Voilà comment, l’esprit d’escalier aidant, il avait quitté le Sud sur un air de bop pour débarquer à Paris à bord du Love in Vain de Robert Johnson.

Il pleuvait à grandes rasades de grisaille venteuse, les quais balayés par un boomerang d’automne tourbillonnant de journaux gratuits, d’emballages graisseux, de prospectus, autant de saletés, de crasse dont il se sentait confusément responsable pour avoir cru, jeune homme, au grand rêve doré. Compatissante, la météo avait su s’adapter au tempo d’une humeur de sac-poubelle. Rencogné sur la banquette arrière du taxi, il regardait défiler la ville baveuse, soudain tenaillé par l’envie de s’enfermer au fond d’un studio proche de la gare de l’Est, de faire gueuler la guitare, d’épancher un trop-plein de désespoir. 

- Finalement, conduisez moi plutôt rue de Siam, au 14, demanda-t-il au chauffeur.

- Comme vous voulez.

La voiture changea de file dans un chuintement de pneus sur l’asphalte luisante. Et le téléphone vibra dans la poche de poitrine sous un pull enfilé à la va-vite. Jurant entre ses dents, il parvint à le repêcher. Appel inconnu.

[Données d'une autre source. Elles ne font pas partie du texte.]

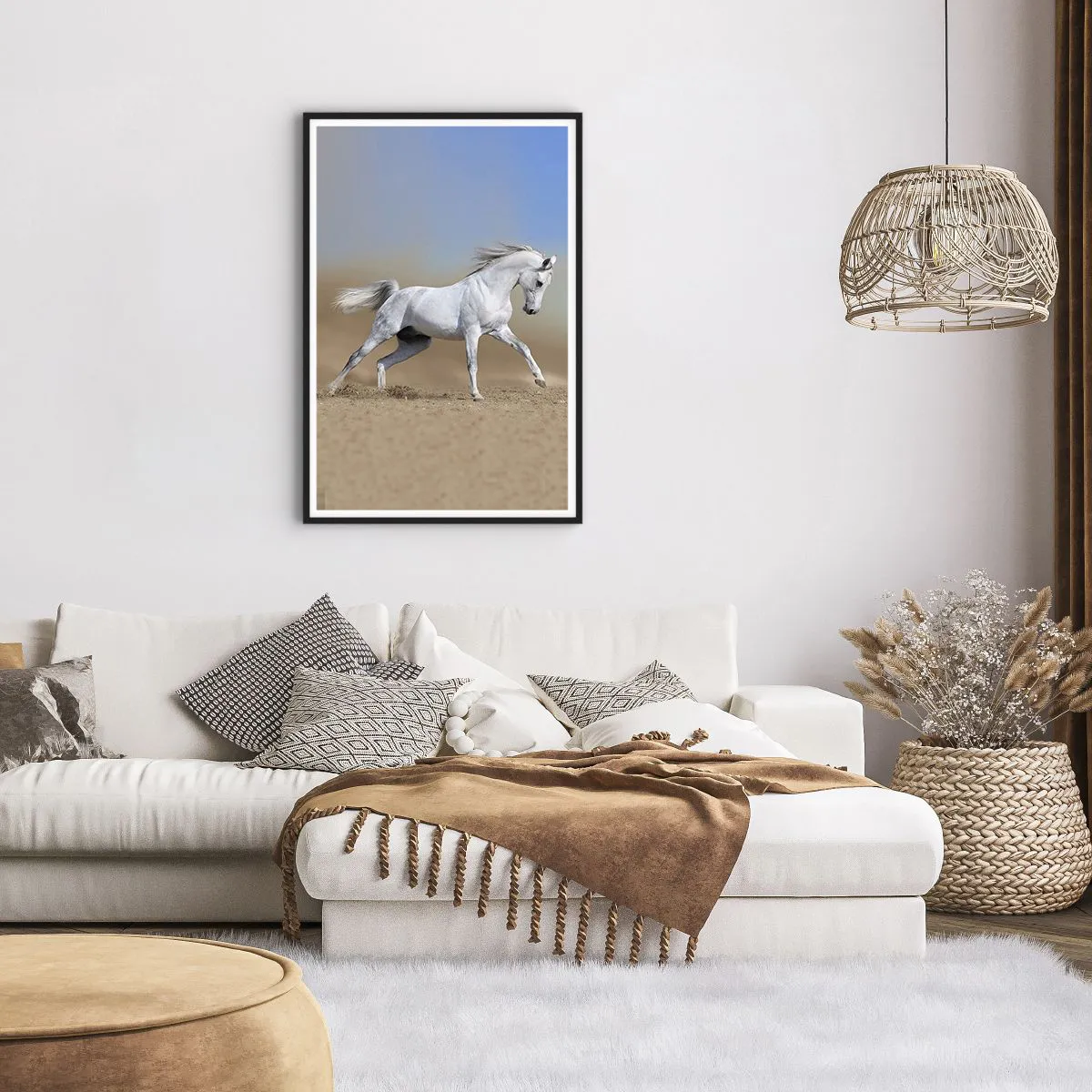 Affiche dans un cadre noir - Poster - Le plus beau conte de fées arabe - 61x91 cm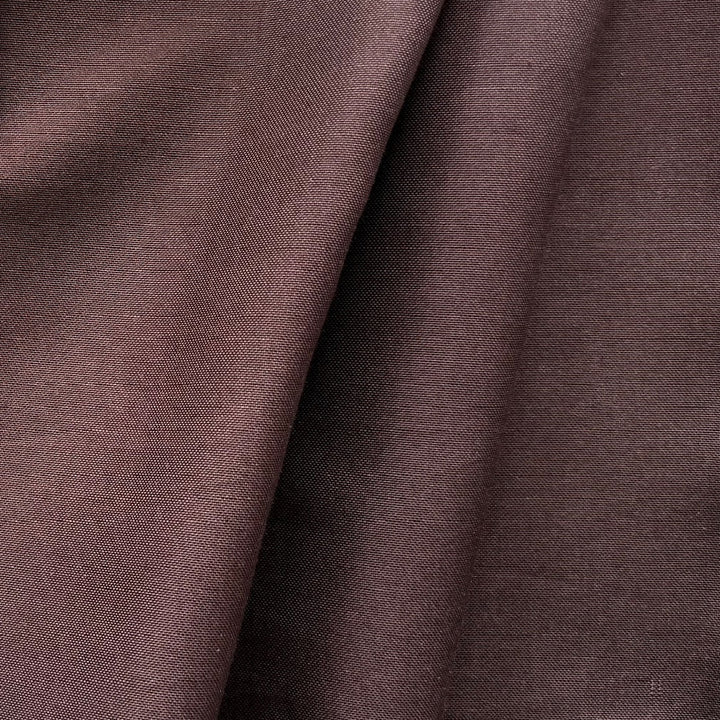 Mid-Weight Warm Raisin Silk Twill Suiting (Made in Italy)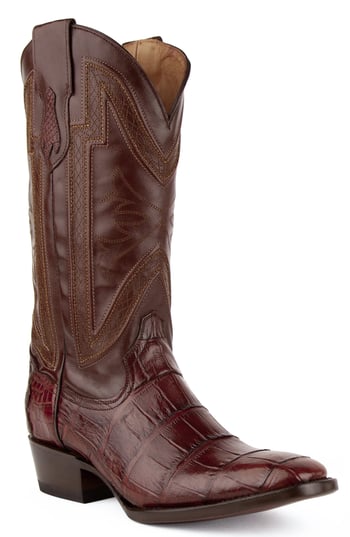 Ferrini "Stallion" Chocolate Genuine Belly Alligator French Toe Cowboy Boots 10741-09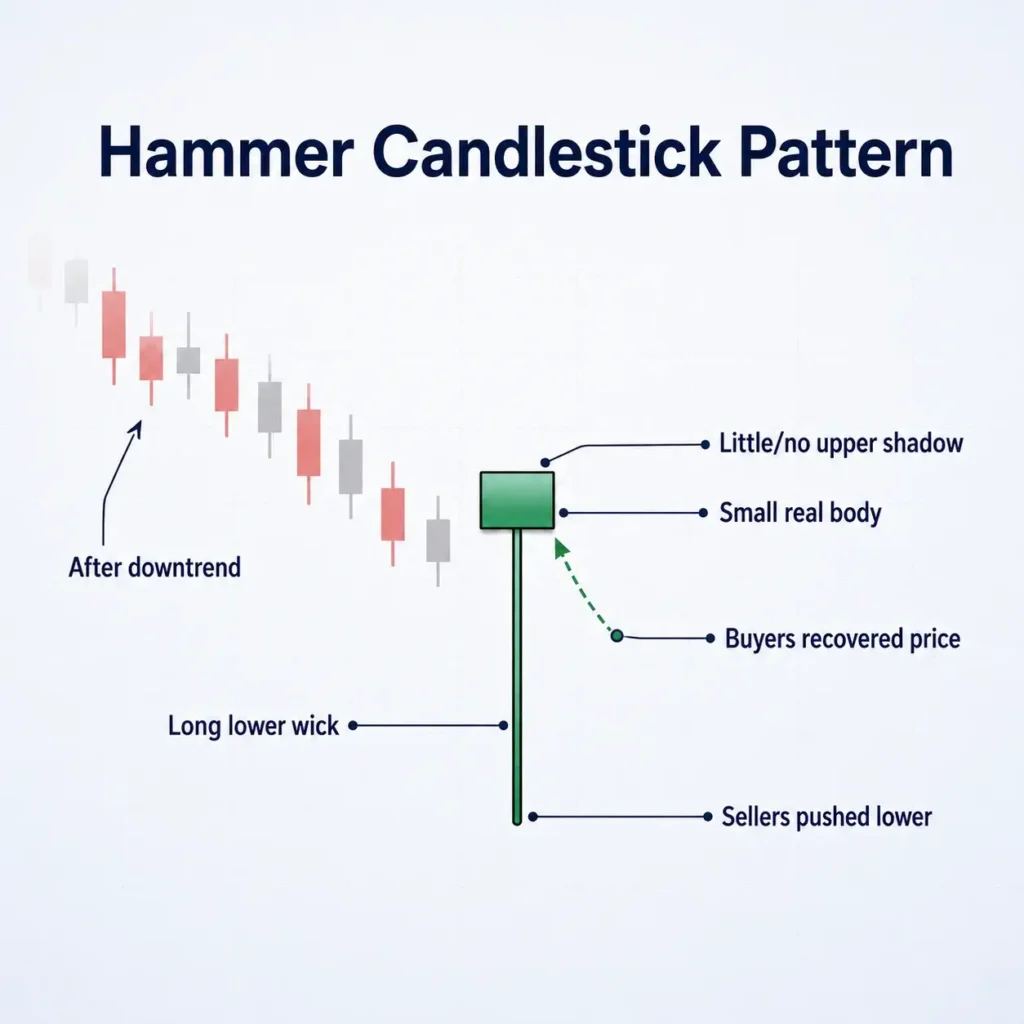 Hammer candlestick pattern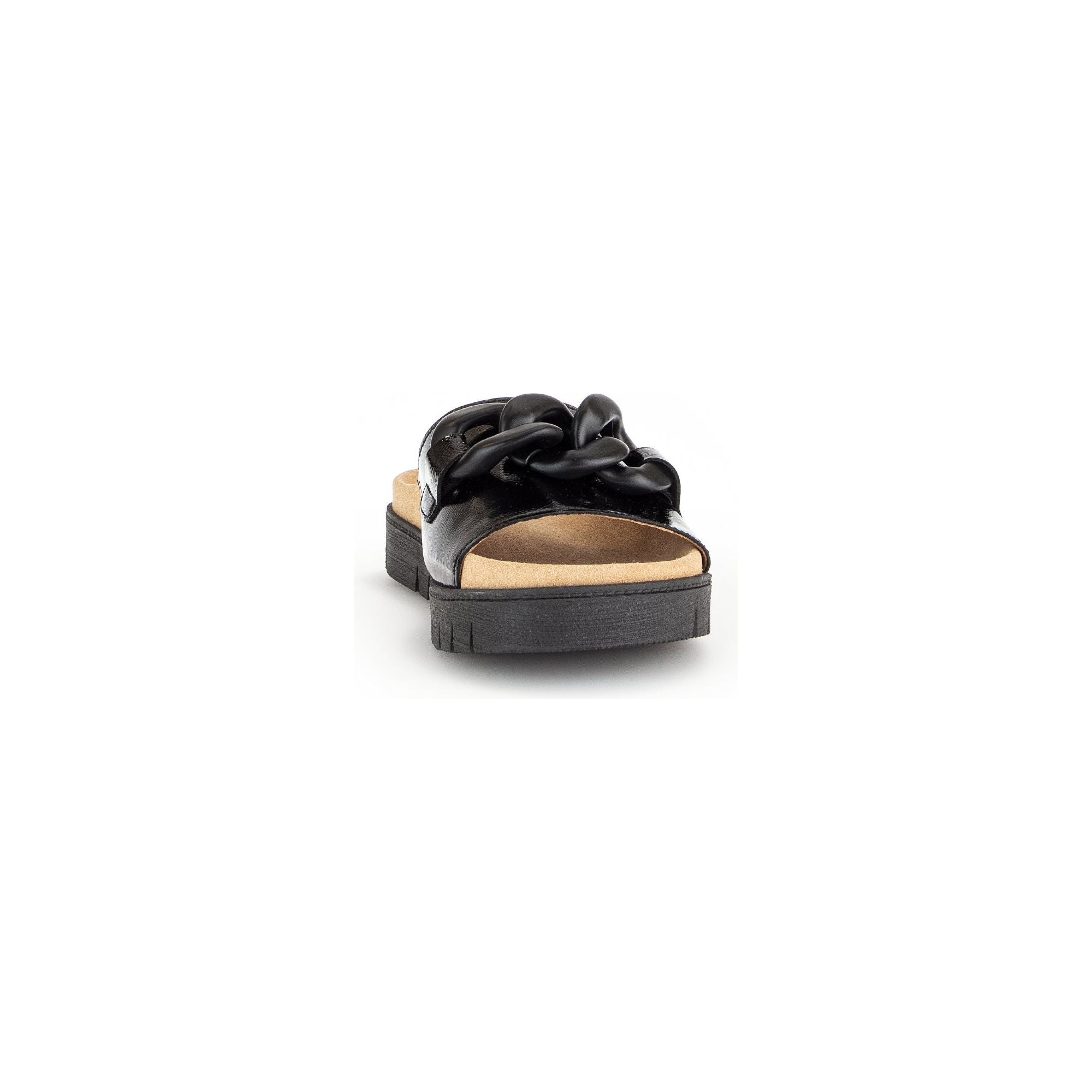 Gabor Erica (43.743.90) - Ladies Mule in Black Patent .Gabor Shoes | Ladies Shoes | Wisemans Bantry | Shoe Shop | West Cork | Munster | Ireland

- Allô ? Allô ? Vous m’entendez ?

- Pas très bien. Vous êtes, heu, la marathonienne ?

Un rire étouffé par un brin de déconvenue répondit à la supposition volontairement anonyme, comme si prononcer le prénom allait l’électrocuter ou déclencher l’irruption d’un chat noir devant le taxi.

- Je vois que vous avez déjà oublié que la marathonienne, comme vous dites, s’appelle Camélia.

- Heu, non, pas du tout… En fait, un vieil air me trottait dans la tête, un truc jazzy, un bop…

- Quel titre ?

- La dernière chance, je crois. Aucune certitude.

- Vous connaissez ça ? Vous ?, s’esclaffa-t-elle

- Pourquoi ?

- Oh, c’était un morceau un peu à part dans le répertoire d’un groupe très agité : La Souris Déglinguée. Ado, j’aimais bien… Surtout la dernière strophe.

- Impossible de m’en souvenir… 

- Un jour ça leur a pris, ils ont tout laissé tomber/ La terrasse des cafés et les boîtes de nuit/ Pour aller dans la jungle, là où le soleil se lève.

La suite de la conversation se perdit dans la vision d’une terrasse bouillante de lumière, abritée de canisses, meublée de divans blancs agrémentés de coussins et d’une table basse ronde nappée de rouge. En contrebas, des barcasses  se dandinaient sur la mer et, oui, oui, d’accord…

Elle devait se rendre à Paris la semaine suivante. Un verre ? Pourquoi pas. Allez danse, danse, dansez, le bop de la dernière chance.